## TASK DESCRIPTION
At the line that holds "Tónico Facial Hidratante", start repeating, and keep going exactly through the final line of the material; include both ends and skip the pictures.

## RECORDS FOR PROCESSING
══════════

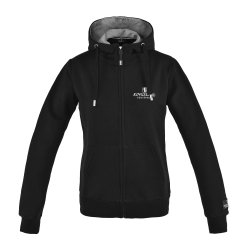 KINGSLAND CLASSIC Unisex Hoodie med lynl�s. Sort
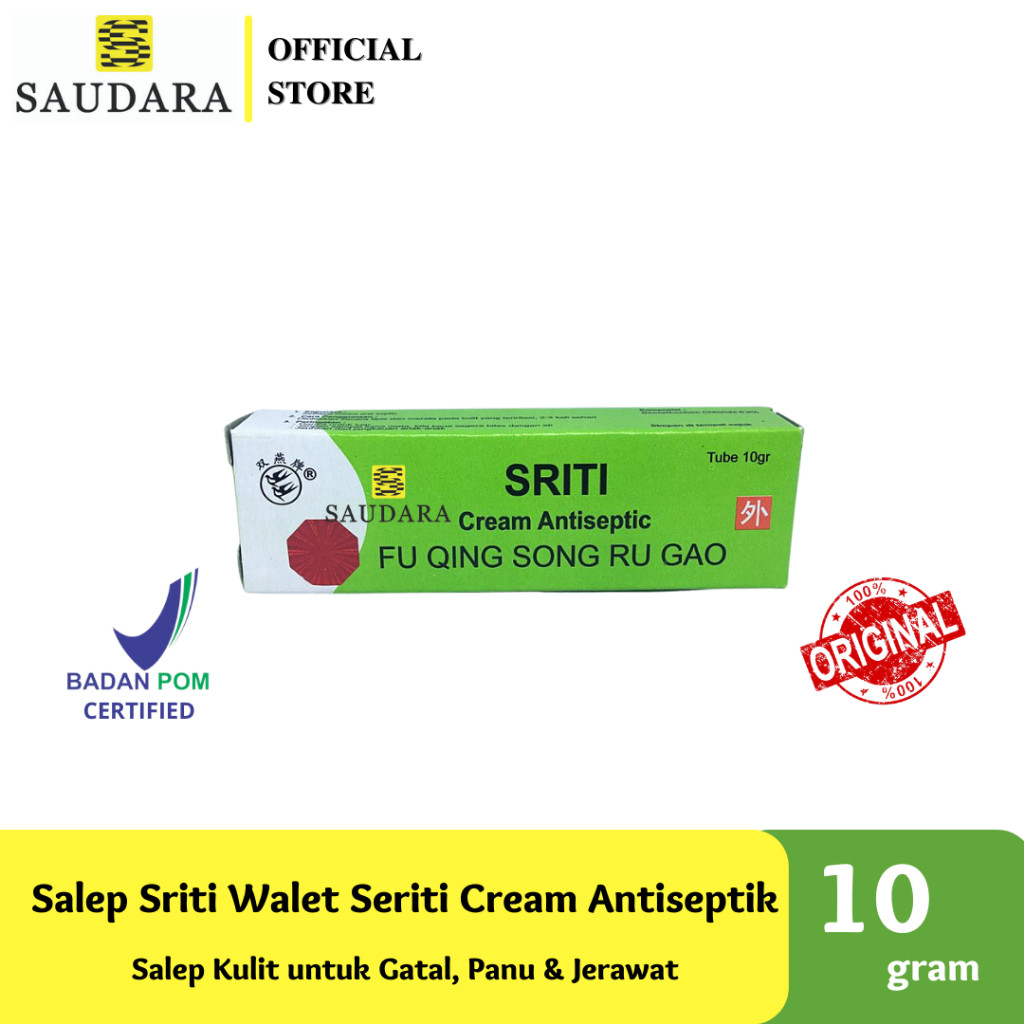 Salep Sriti Walet - Salep Gatal, Panu, Jerawat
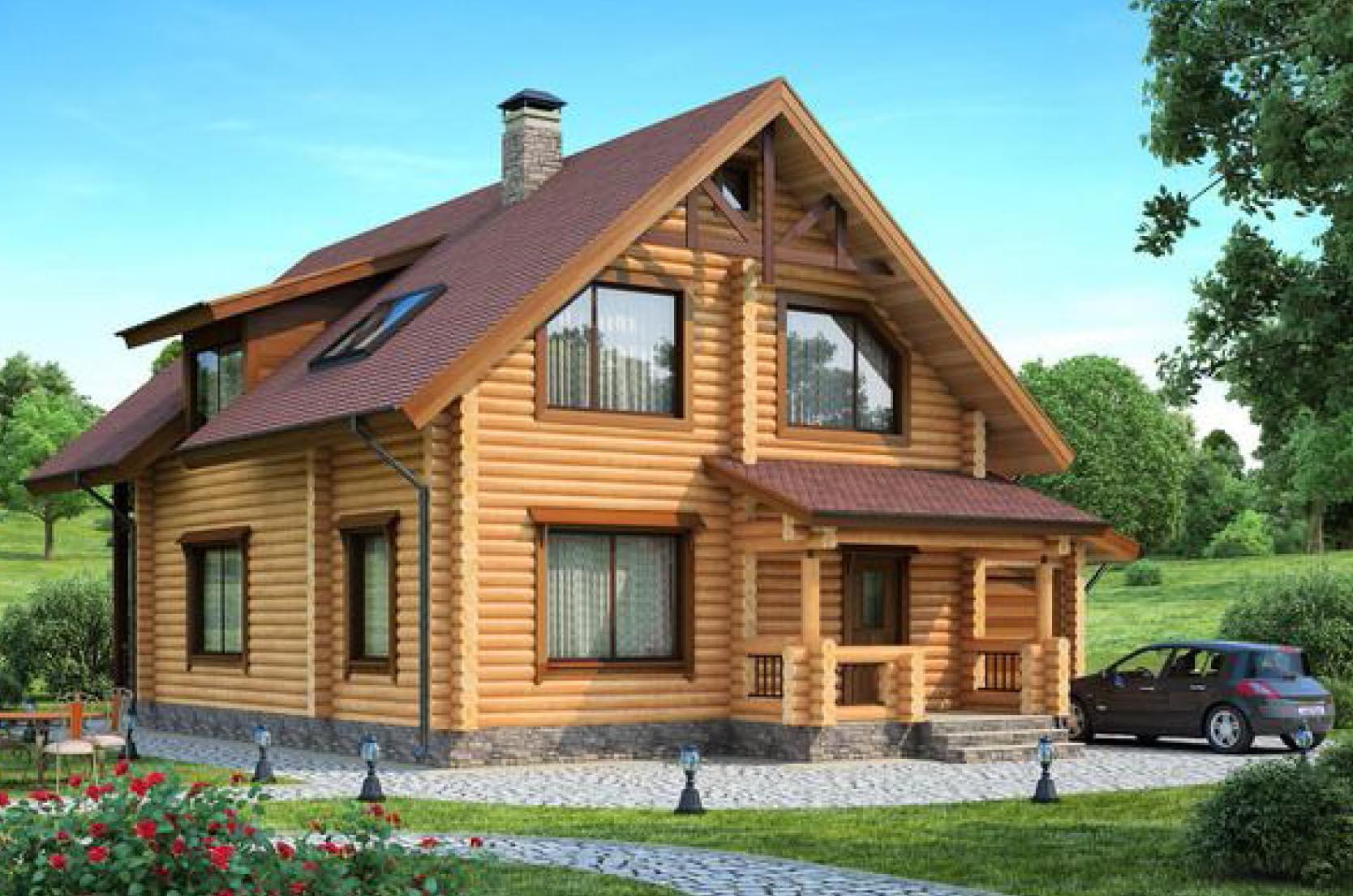 Усадка деревянного дома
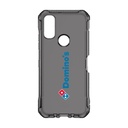 Kyocera DuraSport 5G SPECTRUM//CLEAR ANTIMICROBIAL Case (Domino's Branded/Smoke) by ITSKINS  KZDS-SPECM-SMLO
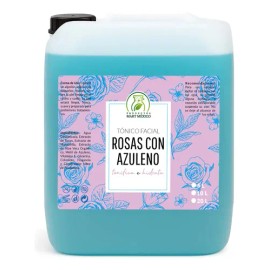 Tónico Facial Hidratante De Rosas Con Azuleno 5 Litros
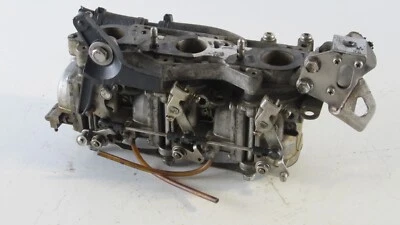 OEM 02-2007 DF30 30hp Suzuki Outboard Carburetor Set 13203-89J10 13201-89J10 25h - Image 1 of 4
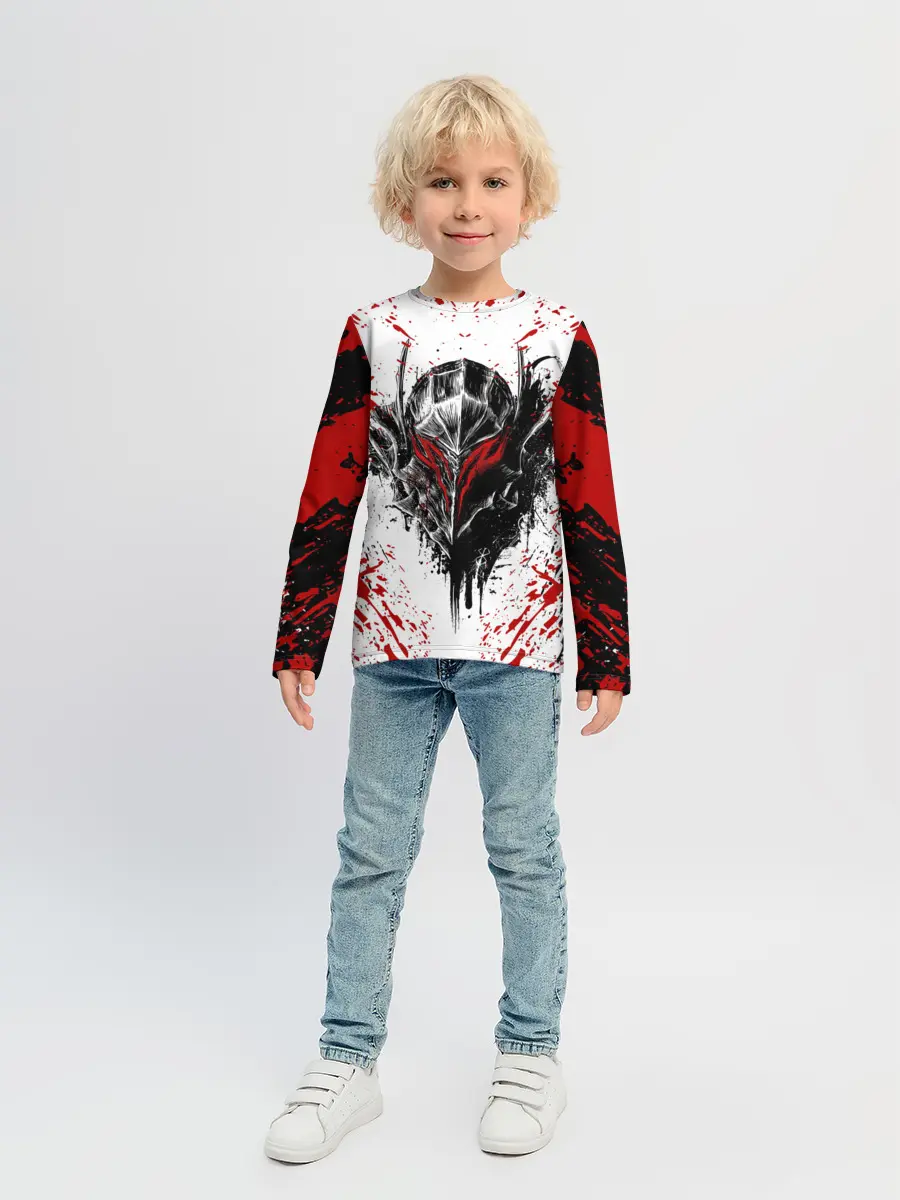Детский лонгслив / БЕРСЕРК ЧЁРНАЯ МАСКА / BERSERK BLACK MASK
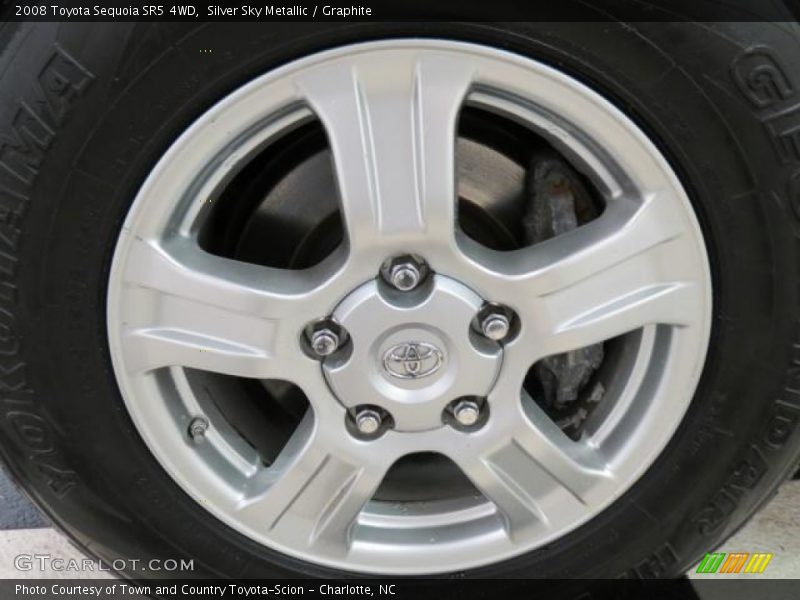 Silver Sky Metallic / Graphite 2008 Toyota Sequoia SR5 4WD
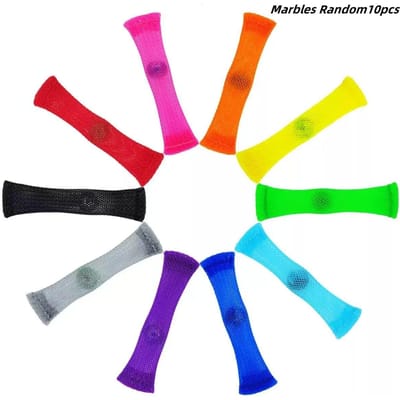 Jouets sensoriels billes balle autisme tdah thérapie de l'anxiété jouets EDC soulagement du stress main Fidget jouets maille tressée facile à plier avec du marbre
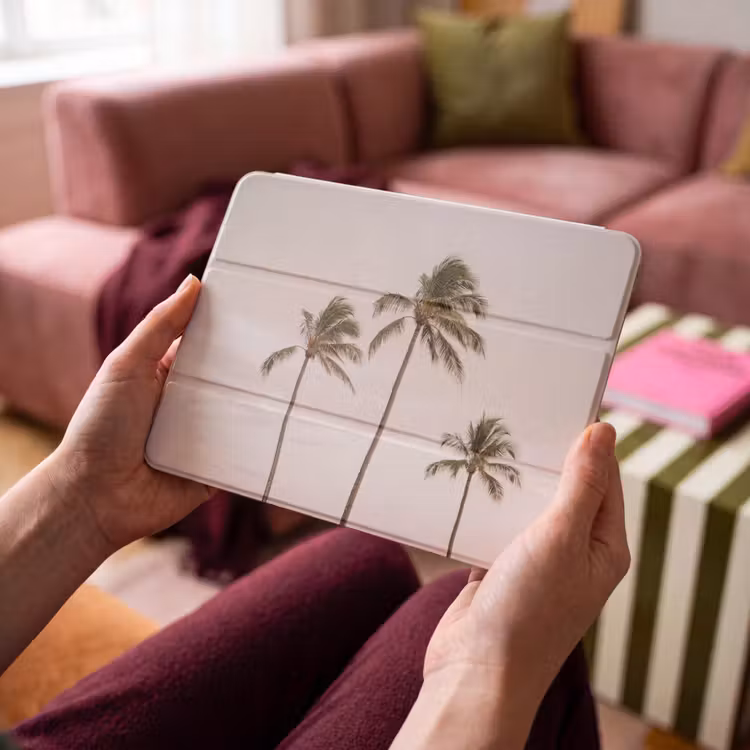 iPad hoes - Palmbomen - Zonsondergang - Roze — 4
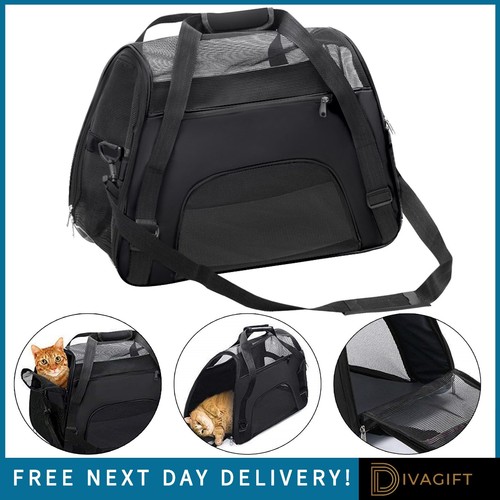Black cat carrier bag large - bag,
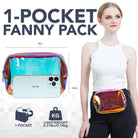 Fanny Pack (1 Pocket) stylish crossbody bag for women, perfect for rave outfits and durable construction.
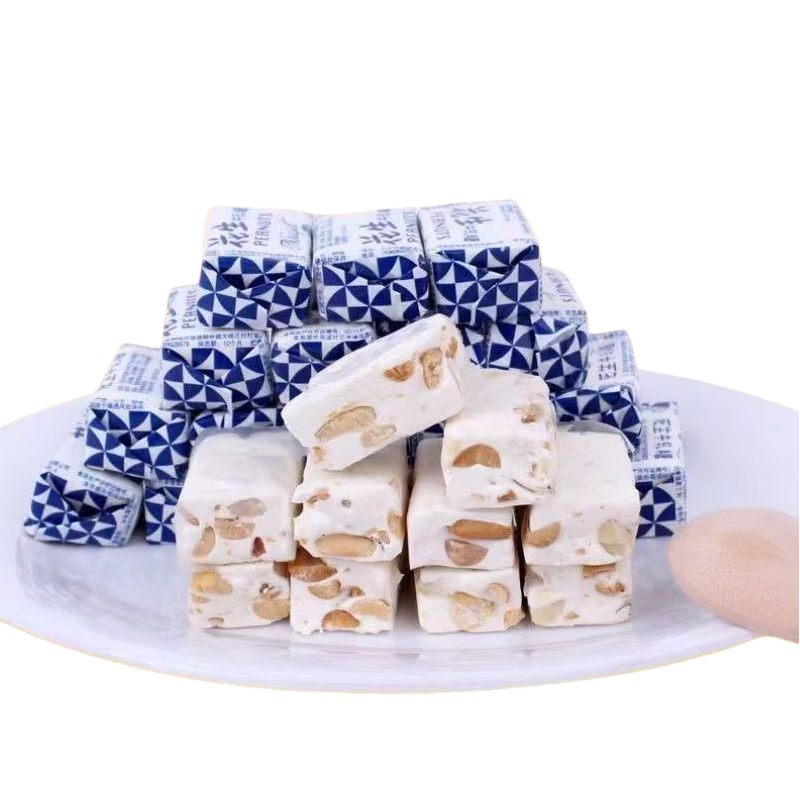 花生牛轧糖批发正宗牛扎糖老牌子牛轧花生牛轧糖年货喜糖零食糖果 牛轧糖200g装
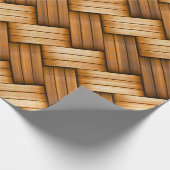 Fun Wicker Basket Weave Cadeaupapier (Hoek)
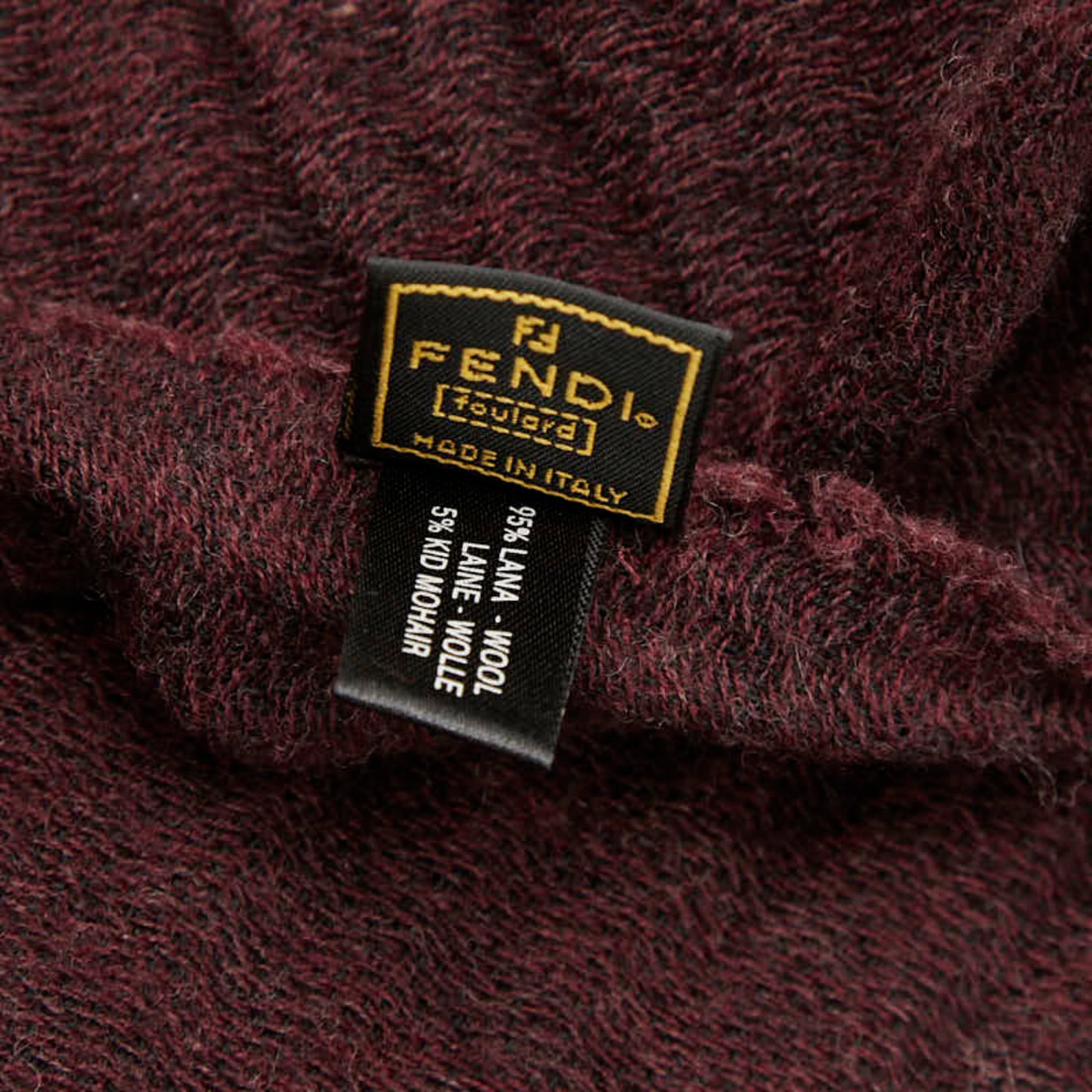 Fendi stole wool - 5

══════════

## SOLUTION TO THIS PROBLEM
 Tónico Facial Hidratante De Rosas Con Azuleno 5 Litros
 OEM 02-2007 DF30 30hp Suzuki Outboard Carburetor Set 13203-89J10 13201-89J10 25h - Image 1 of 4
Детский лонгслив / БЕРСЕРК ЧЁРНАЯ МАСКА / BERSERK BLACK MASK
 Silver Sky Metallic / Graphite 2008 Toyota Sequoia SR5 4WD
 Jouets sensoriels billes balle autisme tdah thérapie de l'anxiété jouets EDC soulagement du stress main Fidget jouets maille tressée facile à plier avec du marbre
 iPad hoes - Palmbomen - Zonsondergang - Roze — 4
Black cat carrier bag large - bag,
 Fanny Pack (1 Pocket) stylish crossbody bag for women, perfect for rave outfits and durable construction.
 花生牛轧糖批发正宗牛扎糖老牌子牛轧花生牛轧糖年货喜糖零食糖果 牛轧糖200g装
 Fun Wicker Basket Weave Cadeaupapier (Hoek)
 Fendi stole wool - 5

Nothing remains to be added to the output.